§ What is required: I need an exact copy of the lines from the one containing "European Flags 1" through the end of the records, without any pictures.

§ Dataset records:
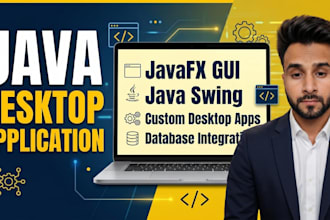 build custom java desktop apps with javafx and swing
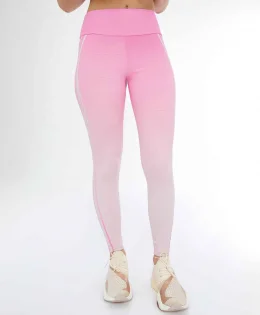 LEGGING NAKAY DEGRADE LINHAS ROSA BLISS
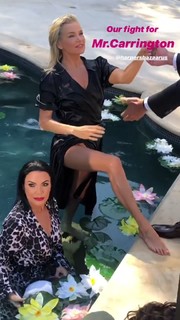 Yolanda Hadid feet photo 18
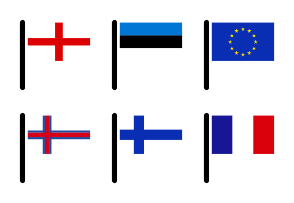 European Flags 1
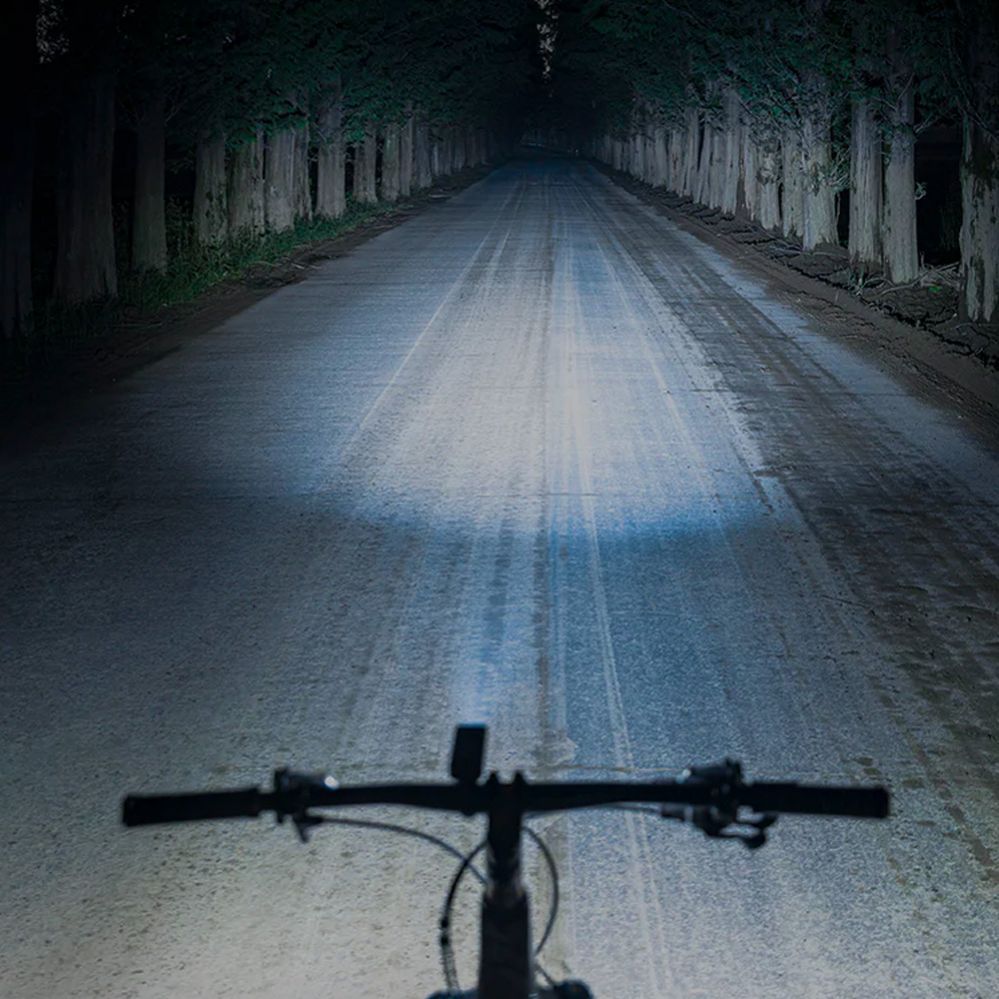 Bicycle accessory Rockbros  Rockbros 24510003001 Front Bike Light 260 lm + USB-C - USB-A Cable - Black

§ Your solution:
 European Flags 1
 Bicycle accessory Rockbros  Rockbros 24510003001 Front Bike Light 260 lm + USB-C - USB-A Cable - Black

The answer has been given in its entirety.